These records are to be written out exactly as they read, minus the pictures.

*** Records supplied ***

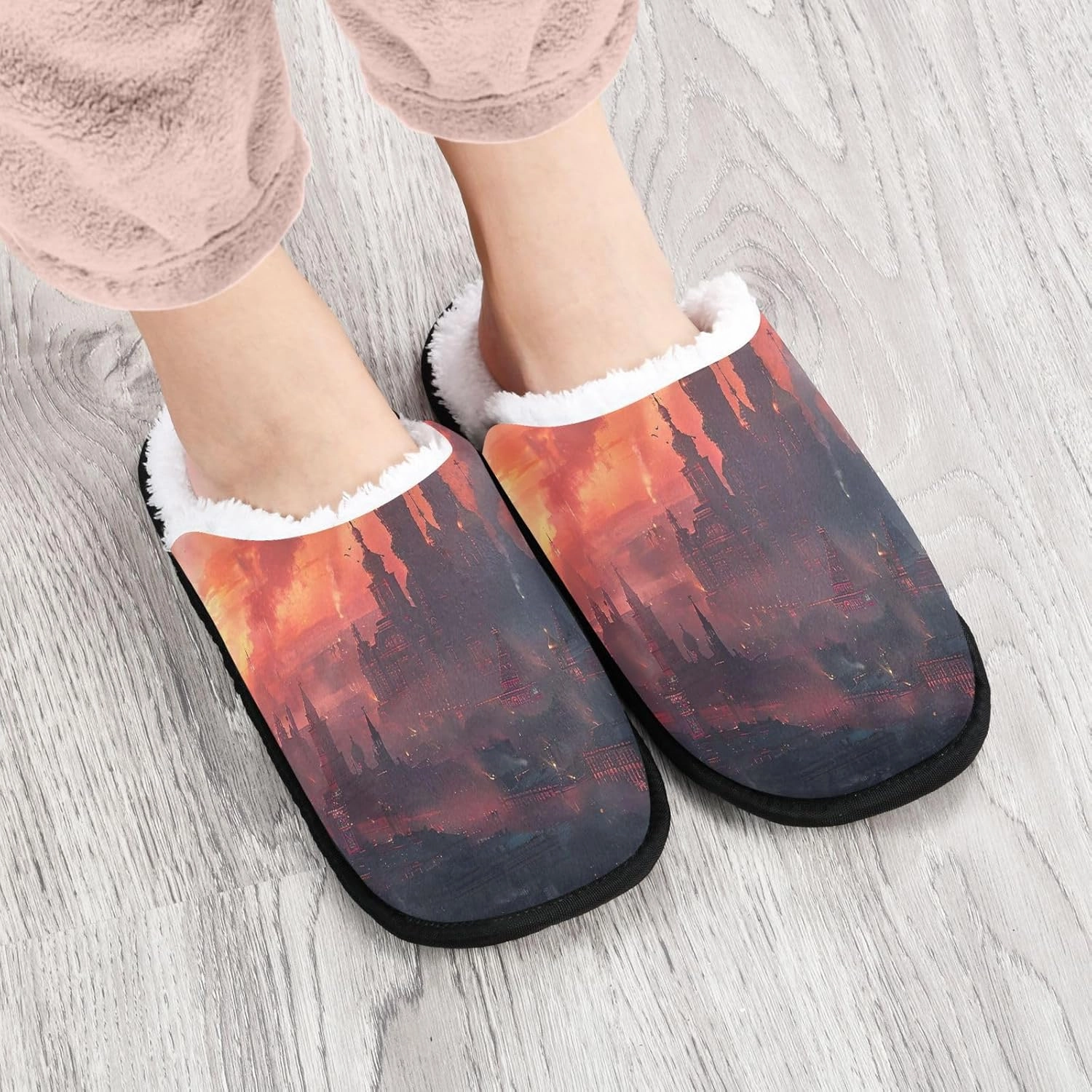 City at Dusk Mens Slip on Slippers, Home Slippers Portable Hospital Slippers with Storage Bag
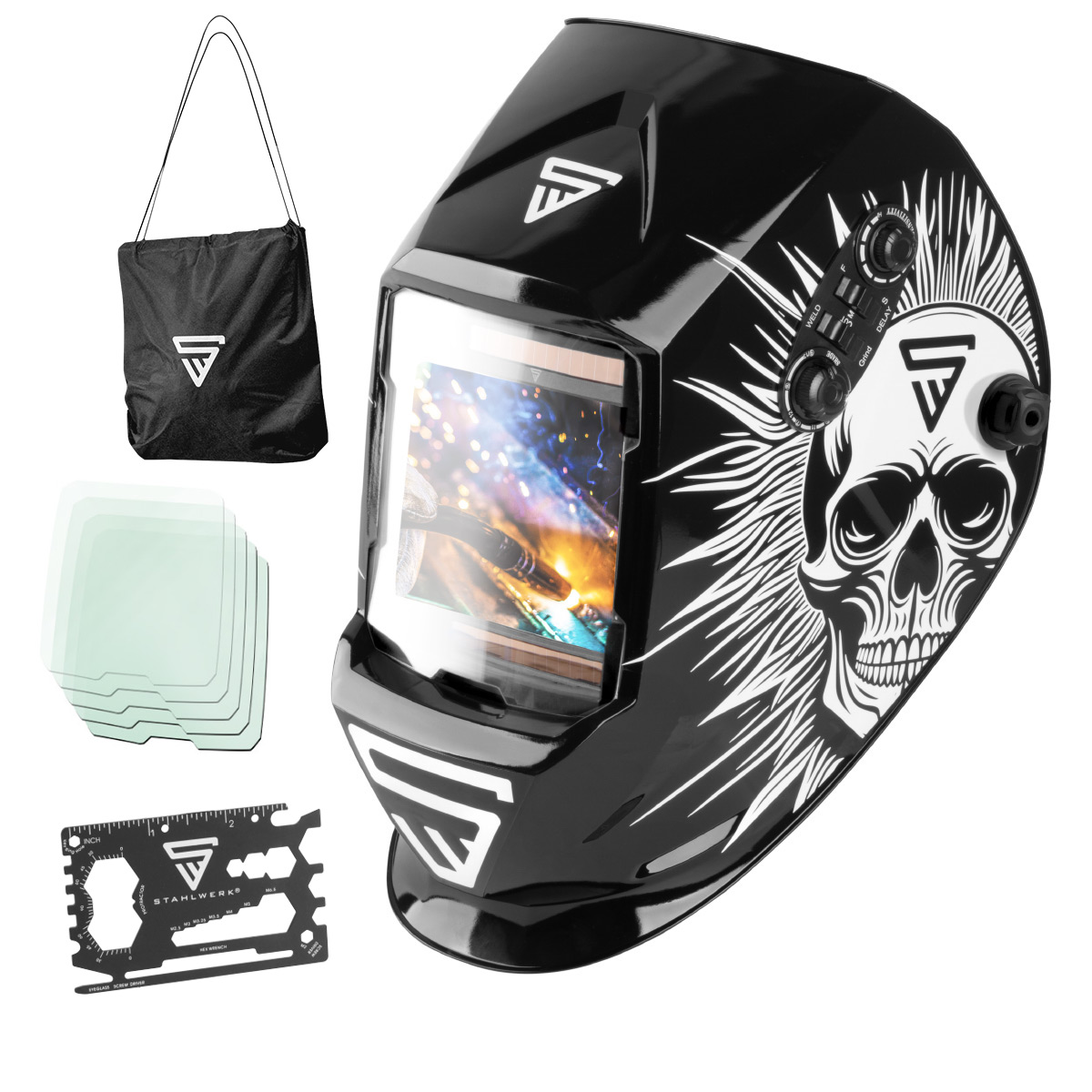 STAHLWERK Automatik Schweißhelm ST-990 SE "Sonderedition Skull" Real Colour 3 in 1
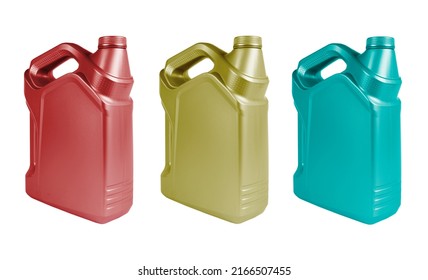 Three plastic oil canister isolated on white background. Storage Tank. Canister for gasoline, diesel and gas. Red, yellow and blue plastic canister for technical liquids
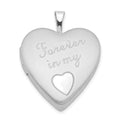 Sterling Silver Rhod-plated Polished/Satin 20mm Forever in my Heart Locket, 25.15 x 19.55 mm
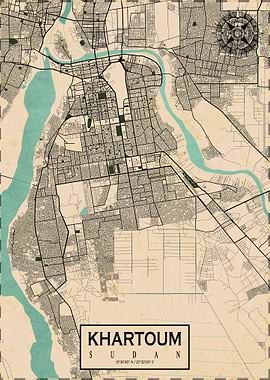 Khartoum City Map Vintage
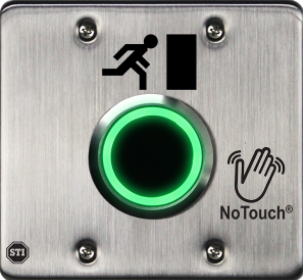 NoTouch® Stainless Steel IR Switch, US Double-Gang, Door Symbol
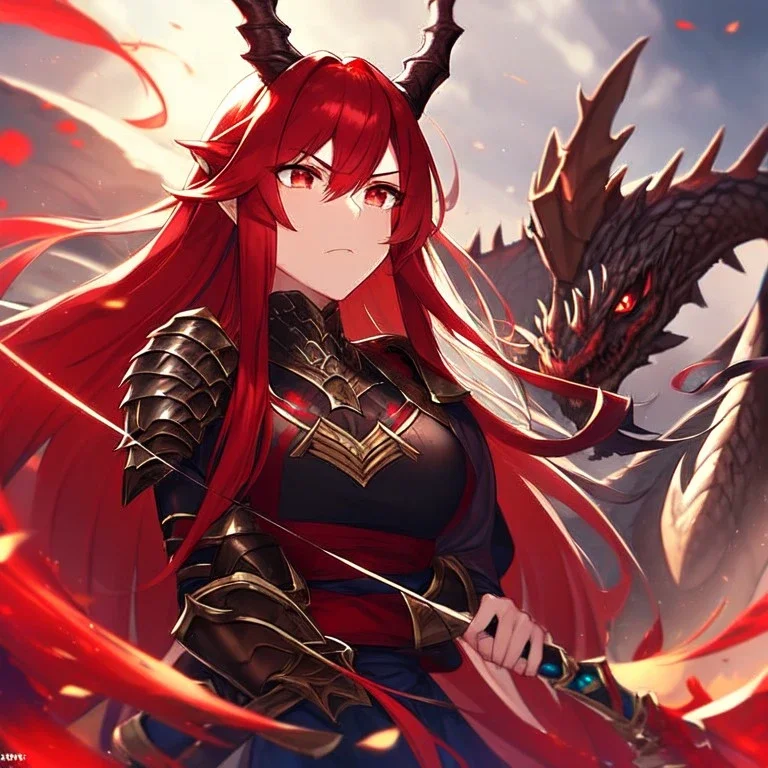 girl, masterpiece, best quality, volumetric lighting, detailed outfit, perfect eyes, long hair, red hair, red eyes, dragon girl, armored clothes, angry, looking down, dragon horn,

*** End of Records supplied ***

#### Written answer
 City at Dusk Mens Slip on Slippers, Home Slippers Portable Hospital Slippers with Storage Bag
 STAHLWERK Automatik Schweißhelm ST-990 SE "Sonderedition Skull" Real Colour 3 in 1
 Three plastic oil canister isolated on white background. Storage Tank. Canister for gasoline, diesel and gas. Red, yellow and blue plastic canister for technical liquids
 Sterling Silver Rhod-plated Polished/Satin 20mm Forever in my Heart Locket, 25.15 x 19.55 mm
 Khartoum City Map Vintage
 NoTouch® Stainless Steel IR Switch, US Double-Gang, Door Symbol
 girl, masterpiece, best quality, volumetric lighting, detailed outfit, perfect eyes, long hair, red hair, red eyes, dragon girl, armored clothes, angry, looking down, dragon horn,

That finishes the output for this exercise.